In 2008, Larkin helped found the Newspaper and Periodical History Forum of Ireland (NPHFI), a “very cumbersome name – which, however, does have the merit of accurately describing what the focus of our activities is,” he said in a 2013 address. The organization’s mission, as stated on its homepage, is to facilitate contact between researchers and writers in the field of newspaper, periodical, journalism and printing history, and strengthen the links between teaching and research institutions, libraries, and other organizations concerned with media history.

I met Larkin earlier this month at NPHFI’s 2018 conference at the National University of Ireland/Galway. In the Q & A below, conducted via email shortly afterward, Larkin discusses the importance of studying history through newspapers; weighs the advantages and pitfalls of such research in the digital age; and cautions about “State-sponsored jamborees relating to supposedly iconic anniversaries,” such as the Irish War of Independence and Civil War over the next five years. MH

***

You helped found the NPHFI in 2008. What are your surprises, insights, delights, or disappointments about its first decade? What would you like see happen with the Forum by 2028?

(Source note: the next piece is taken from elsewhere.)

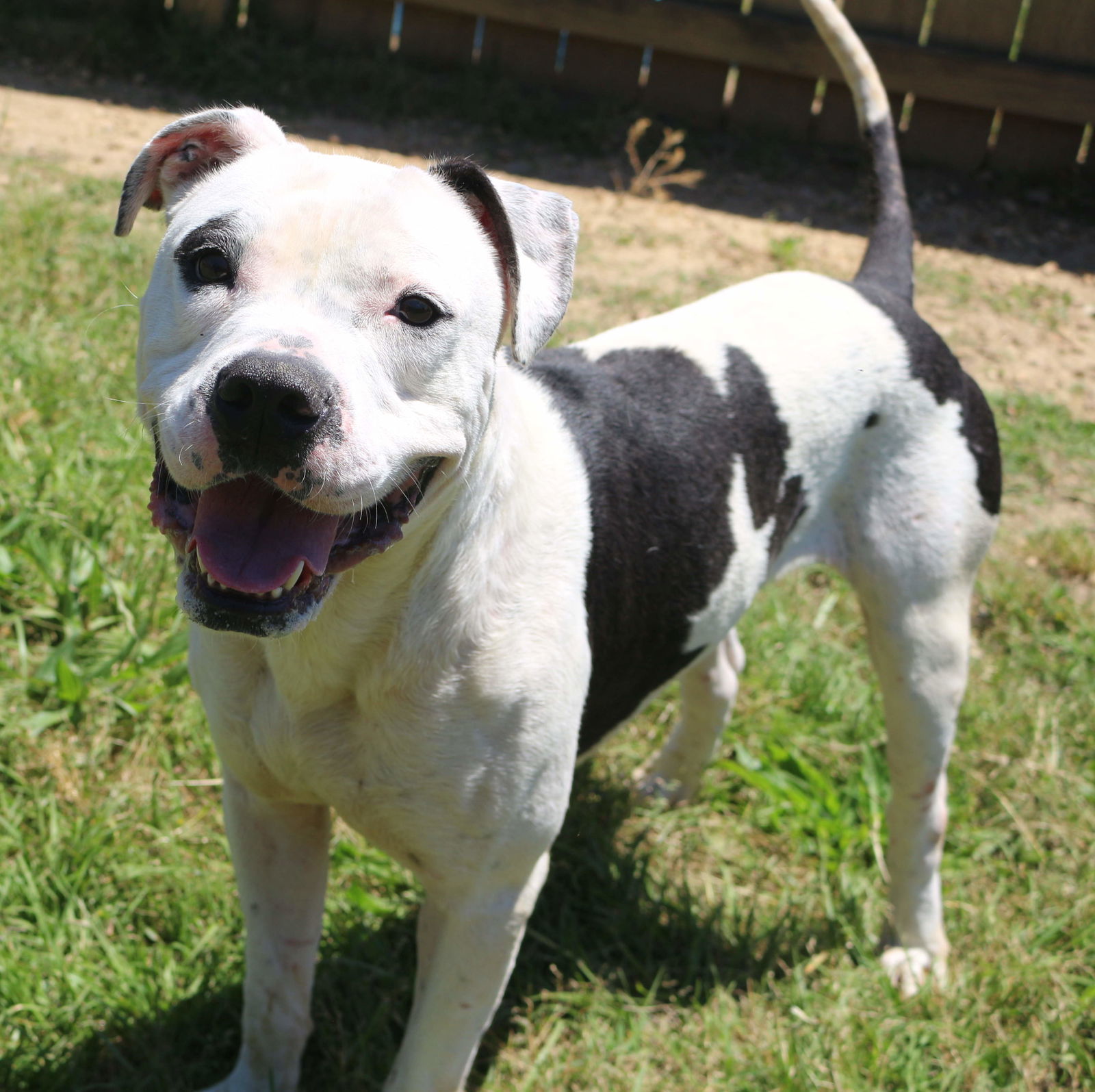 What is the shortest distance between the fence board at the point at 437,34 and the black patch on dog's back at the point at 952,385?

LARKIN: I have been genuinely surprised by the success of the NPHFI, as newspaper history is really a niche subject. We have had 11 successful annual conferences, and have inspired six essay collections and at least two more that are in preparation. In addition, we have put together and maintain the immensely useful on-line Irish Bibliography of Press History, which is a great resource for scholars.

The insight that I have gained from my experience with the NPHFI is the extent to which journalism history benefits from an inter-disciplinary approach – and I say this as someone who is trained as a historian and deeply respects the rigorous methodology of history. The delights are, of course, the very interesting people I have met through the NPHFI and the friendships that I have made.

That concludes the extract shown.